- _Instructions to follow_:
Below are entries. Copy exactly the lines running from the line that holds "Modern Black Dining" to the line that holds "Small Jellyfish, Cartoon, cute_character, sushi, easy, JP", with both ends included.

- _Excerpted data_:
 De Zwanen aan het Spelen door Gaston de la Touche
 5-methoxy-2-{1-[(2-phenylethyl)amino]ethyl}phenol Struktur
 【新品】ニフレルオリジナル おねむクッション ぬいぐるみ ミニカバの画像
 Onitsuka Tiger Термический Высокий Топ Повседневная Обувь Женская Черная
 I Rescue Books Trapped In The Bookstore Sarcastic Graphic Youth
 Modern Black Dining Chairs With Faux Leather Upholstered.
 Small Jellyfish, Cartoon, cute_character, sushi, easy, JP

==

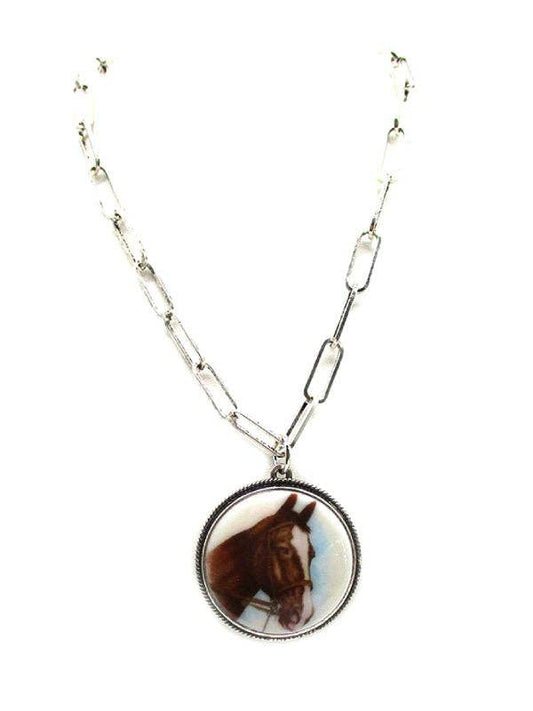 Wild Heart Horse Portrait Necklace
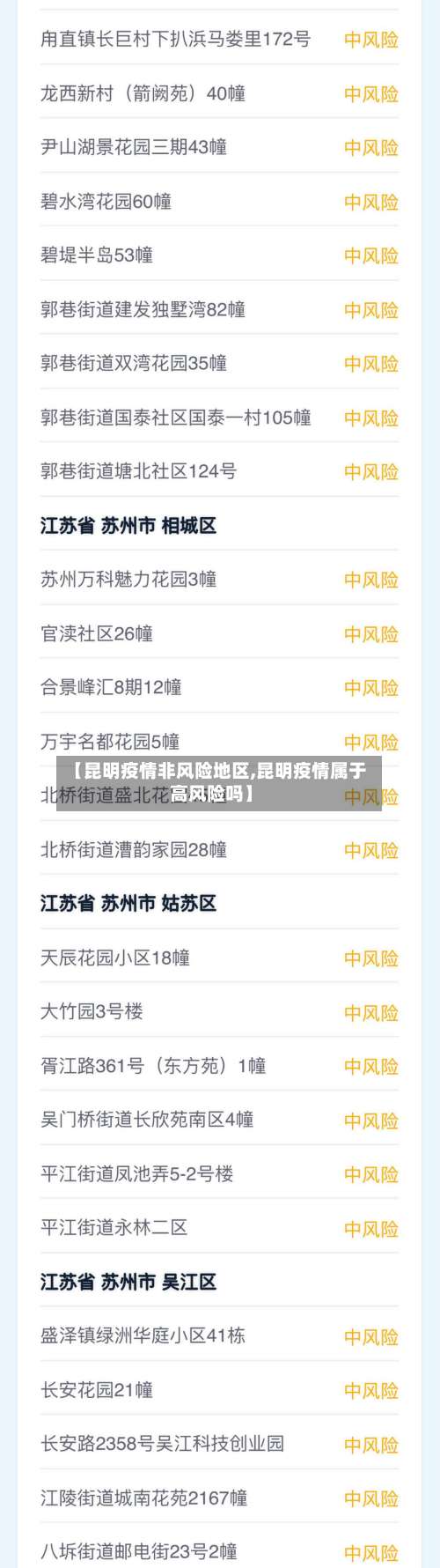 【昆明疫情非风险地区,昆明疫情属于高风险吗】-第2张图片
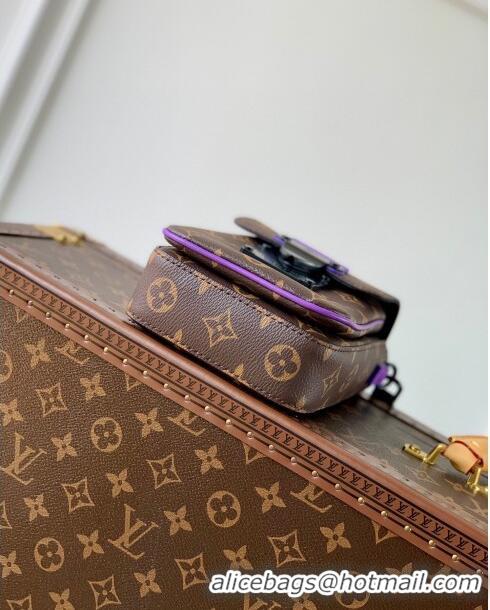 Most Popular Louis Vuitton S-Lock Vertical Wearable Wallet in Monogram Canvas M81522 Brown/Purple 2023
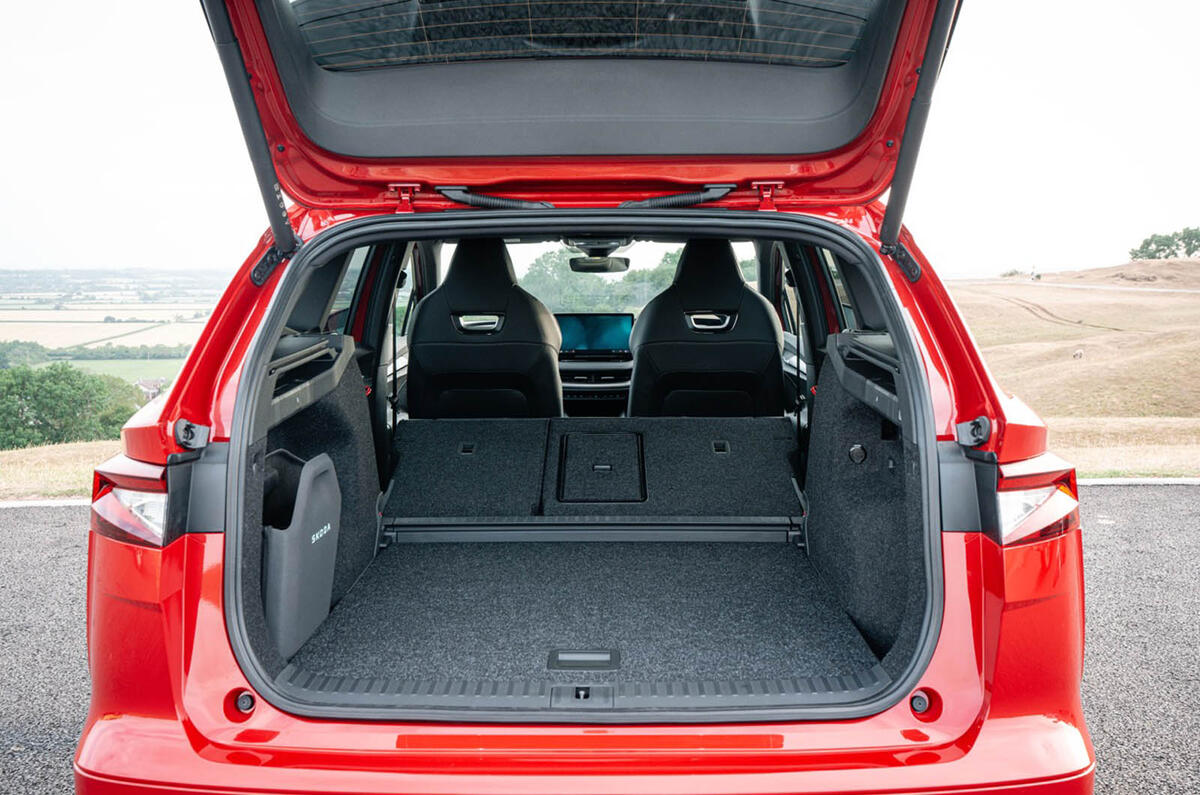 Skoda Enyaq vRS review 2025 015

---

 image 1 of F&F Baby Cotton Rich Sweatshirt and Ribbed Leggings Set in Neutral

- _Answer to this problem_:
 Modern Black Dining Chairs With Faux Leather Upholstered.
 Small Jellyfish, Cartoon, cute_character, sushi, easy, JP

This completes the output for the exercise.